DATASET EXTRACT: Begin
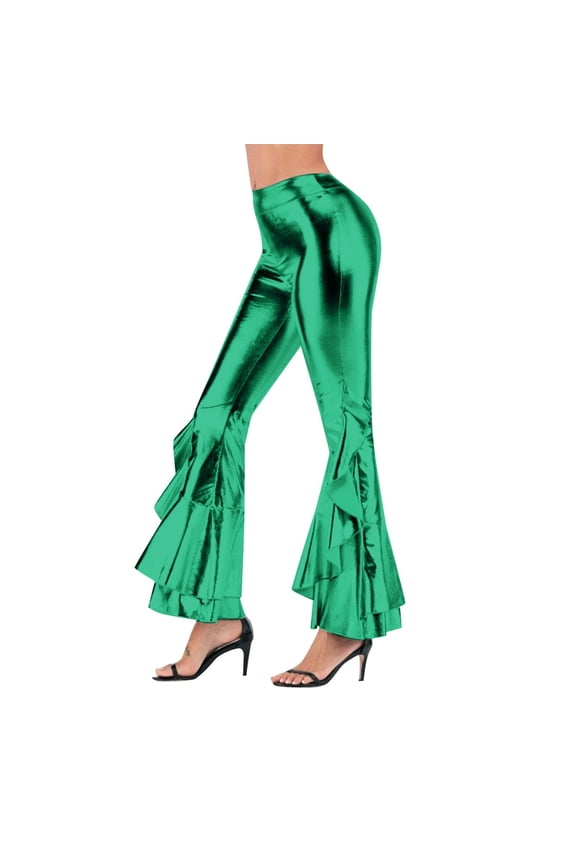 Shiny Flare Pants for Women Solid Ruffle Hem Pants Night Out Stretch Bell Bottom Trousers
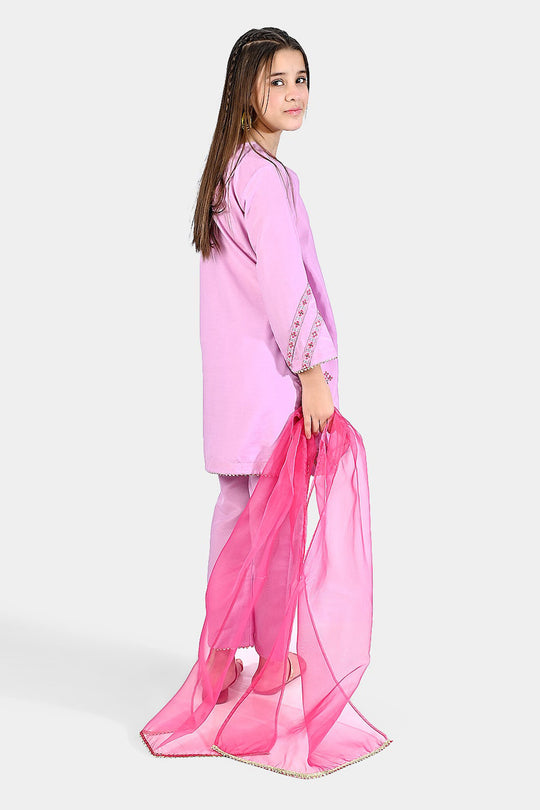 Girls Poly Cambric 3 Pcs Noor-E-Husn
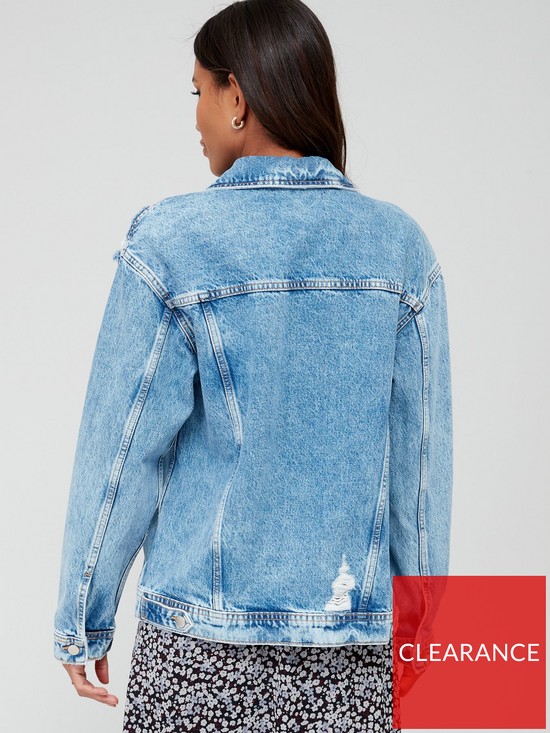 stillFront image of v-by-very-relaxed-denim-jacket-with-distressing-mid-wash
DATASET EXTRACT: End
WHAT THE EXERCISE ASKS
Exactly the lines from the one containing "Girls Poly Cambric 3 Pcs Noor-E-Husn" through the last line of the material above, both included and free of pictures, should make up your answer, please.

TASK RESPONSE
 Girls Poly Cambric 3 Pcs Noor-E-Husn
 stillFront image of v-by-very-relaxed-denim-jacket-with-distressing-mid-wash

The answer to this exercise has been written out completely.